In addition to the supercomputer, various 64-bit workstations for large-scale grid generation and scientific visualization are maintained in-house.

Computational Resource
Our customers have come to expect accurate high fidelity computational solutions conducted in a timely manner. At Corvid we understand that our primary tool is our in-house supercomputing assets. We have developed a strategy and per-CPU pricing system that makes us one of the best return on investment super-computing facilities available. Currently, our analysts have 400 processors available in massively parallel high-performance computing systems. Investment strategies are expected to take this to over 1000 processors within a few years. Our current system affords us the ability to run full three-dimensional CFD and shock physics simulations with 10 to 100 million elements while still providing quick-turnaround time-accurate solutions.

RavenCFD
RavenCFD is a massively parallel, arbitrary polyhedral, Navier-Stokes solver developed by Corvid Technologies for the prediction of complex three-dimensional flowfields. Its fully implicit time integration scheme, combined with Newton subiterations, yields accurate, robust solutions for both steady and unsteady flows. Raven’s scalability has been demonstrated up to thousands of processors on distributed-memory systems, meaning that problem size is limited by the computer and not the code. The code has been utilized for a variety of high- and low-speed problems.

Raven is distributed with a suite of tools to improve the entire analysis process.
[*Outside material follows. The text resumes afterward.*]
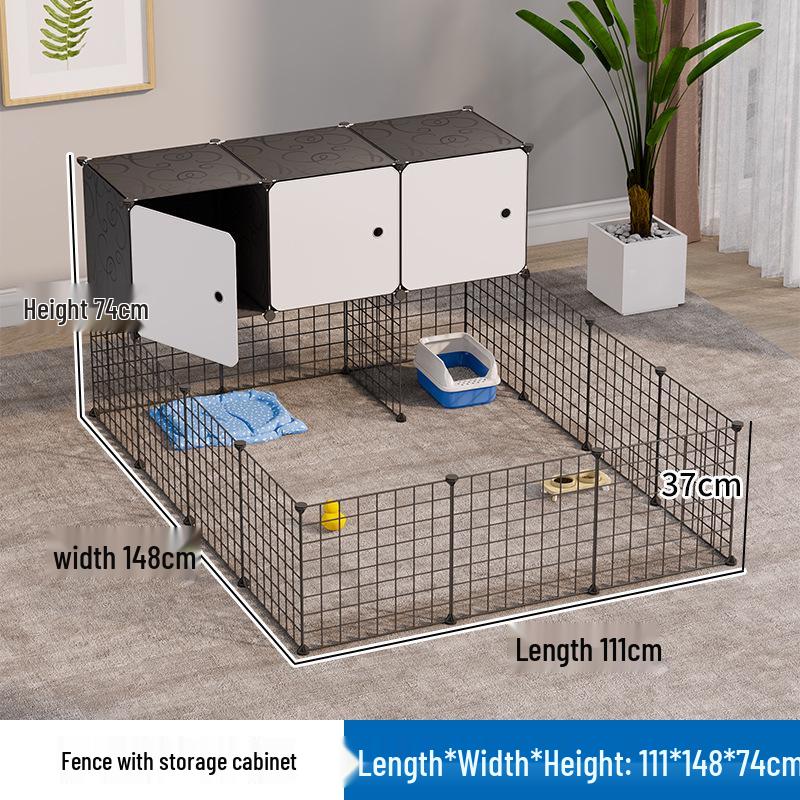 Free Assembly Indoor Pet Fence Barrier: Iron Mesh Anti-Escape Dog Stopper Fence.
These tools include grid-generation aids to reduce element count, improve element distribution, and increase overall element quality, as well as post-processing tools to permit rapid parametric analysis and comparison of code results.

New features currently under development include:

• An advanced Virtual Geometry Insertion (VGI) algorithm to permit rapid changes to the problem geometry.
• A 6-degree-of-freedom module to move VGI bodies through the domain based on computed forces and moments.